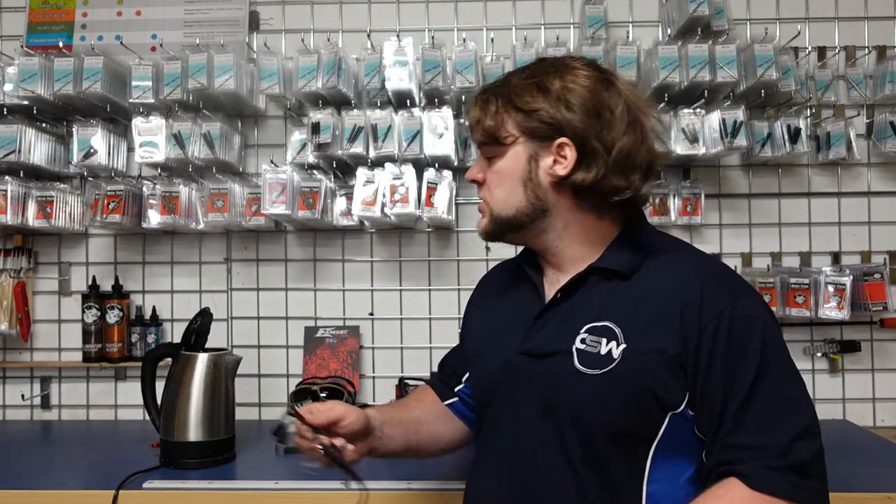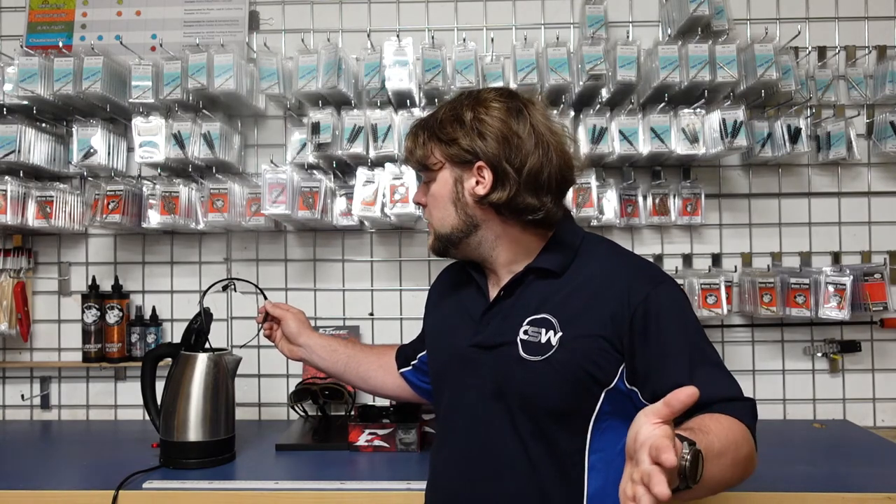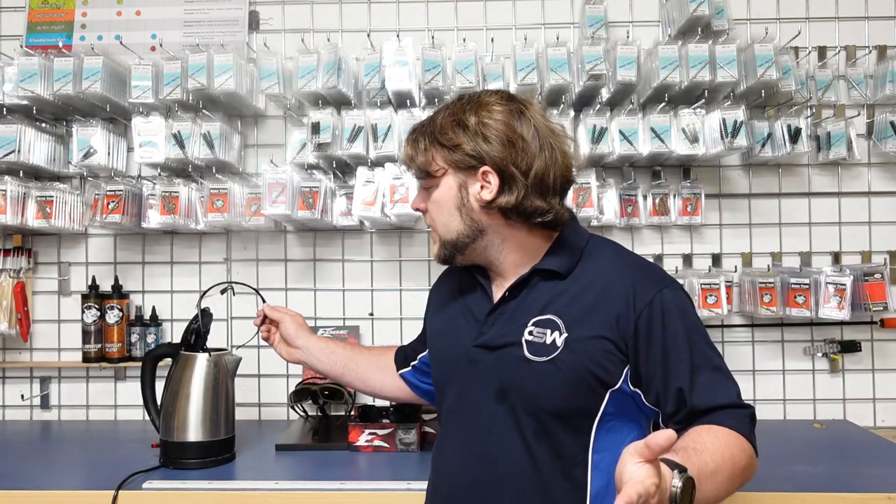I've got a kettle running here. This is a pair of the Fastling — the Fastling are the entry level. So it doesn't matter if you've got these, if you're running up to the Super 64 or the Blizzards, all of them have exactly the same technology on there to resist fog.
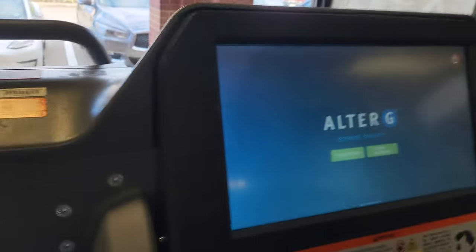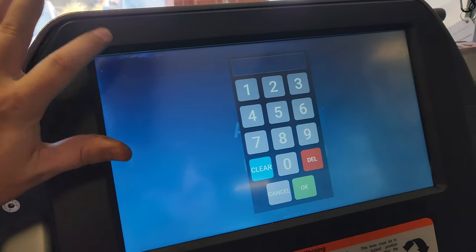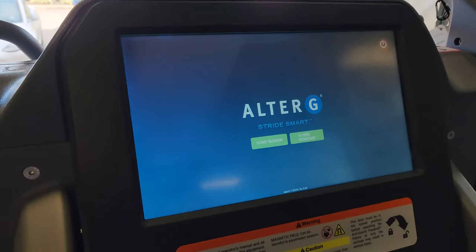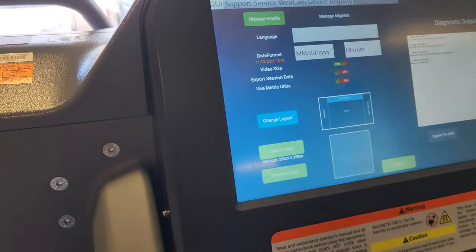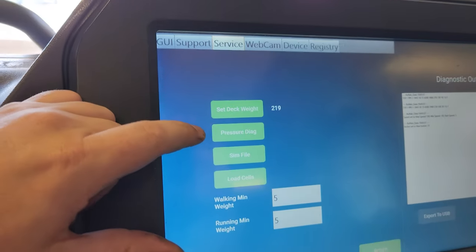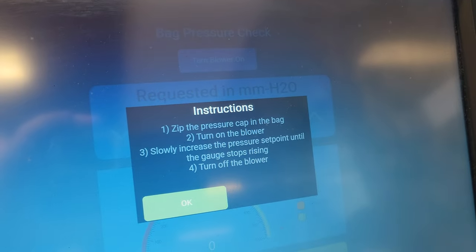When you get to the main screen, there is a spot up in the corner — you tap it a couple of times, put in the secret code, and then it will go into a setup screen where you can set it up however you like. I can come in here to service and one of the cool things is I can set pressure diagnostics. So it's asking for the bag to be zipped up to close this off, because it has to be closed in order for it to measure pressure.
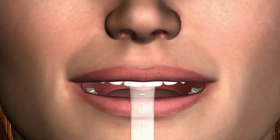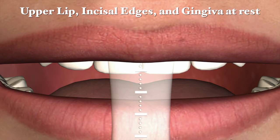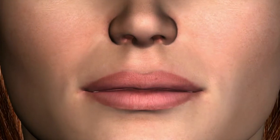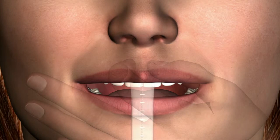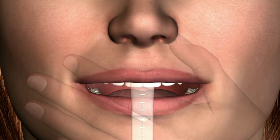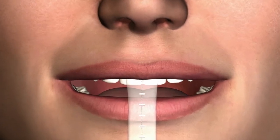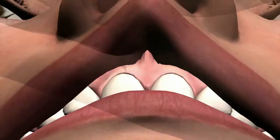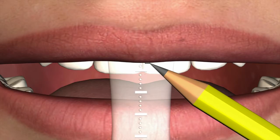Step-by-step instructions — Dentate usage: Upper lip, incisal edges, and gingiva at rest. Ask the patient to open the mouth with teeth apart and to hold that position without flexing any facial muscles. Place the long end of the ruler, centered, in the full depth of the maxillary anterior vestibule, taking care not to compress the vestibular tissue. Note the notch in the ruler will be placed over the anterior frenum.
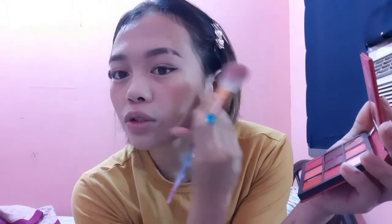For the blush, I'm using this Huda Beauty Ruby Obsession. This is just a fake one, but guys, it works. I'm going to use this peachy shade. I know this is technically an eyeshadow palette, but it works as blush too. This palette is super pigmented so be careful with it. The problem is it has a lot of fallout, so you should use a bigger blush brush.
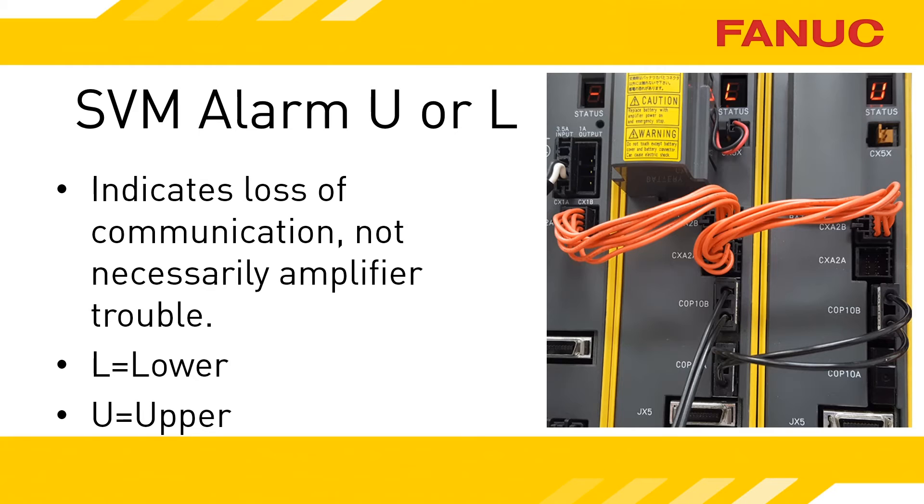The middle unit has cabling plugged into both COP10B and COP10A connectors, and its COP10B cable is going to the CNC. The FSSB is connected starting at a COP10A connector at the CNC; a fiber optic cable goes to an amp's COP10B connector, then daisy chains from COP10A to the next COP10B, and on and on until we run out of amplifiers. If you imagine the CNC is at the very top of this chain feeding downward, then the letters L and U start to make sense.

_ASSIGNED TASK_: Nothing but the lines from the line containing "Step-by-step instructions —" through the end of the data, both ends included, is to be reproduced, exactly as written and without the pictures.

_SOLUTION FOR THIS PROBLEM_:
Step-by-step instructions — Dentate usage: Upper lip, incisal edges, and gingiva at rest. Ask the patient to open the mouth with teeth apart and to hold that position without flexing any facial muscles. Place the long end of the ruler, centered, in the full depth of the maxillary anterior vestibule, taking care not to compress the vestibular tissue. Note the notch in the ruler will be placed over the anterior frenum.
For the blush, I'm using this Huda Beauty Ruby Obsession. This is just a fake one, but guys, it works. I'm going to use this peachy shade. I know this is technically an eyeshadow palette, but it works as blush too. This palette is super pigmented so be careful with it. The problem is it has a lot of fallout, so you should use a bigger blush brush.
The middle unit has cabling plugged into both COP10B and COP10A connectors, and its COP10B cable is going to the CNC. The FSSB is connected starting at a COP10A connector at the CNC; a fiber optic cable goes to an amp's COP10B connector, then daisy chains from COP10A to the next COP10B, and on and on until we run out of amplifiers. If you imagine the CNC is at the very top of this chain feeding downward, then the letters L and U start to make sense.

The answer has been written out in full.